生まれも育ちも高江の50歳代の男性がインタビューに応じてくれた。
「過激な妨害活動をしている住民は、ごく一握りにすぎません」
高江には50世帯ほどが居住しているが、過激な妨害活動を行っているのは3世帯だけだという。ところが工事が始まると50人ほどが集まってくる。
「本島中南部や県外から来ているんです」
反対運動の現場に行ってみた。
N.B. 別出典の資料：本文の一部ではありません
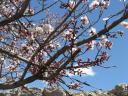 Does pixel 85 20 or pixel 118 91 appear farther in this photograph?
pixel 118 91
訓練場の外周にバリケードや車両が置かれ、工事車両の出入り口が封鎖されていた。
監視するようにイスに座っていた男性に「どちらからですか」と聞いた。 「わし? 大阪やけど」
この人には、ほかに帰るべき家がある。
住民男性の言葉を思い出しながら現場を後にした。
「抑止力のために犠牲になろうという考えはありませんが、米軍がこの訓練場を手放すはずがない。生まれ育ったこの土地で生きていくためには、安全対策や防音について国と現実的な話し合いをしていくしかないんです」
■与那国島
8月5日、町長選の告示を翌日に控えた与那国町に入った。ここでは現職の外間氏の3選に向け、周到な策をめぐらせていた男性に会った。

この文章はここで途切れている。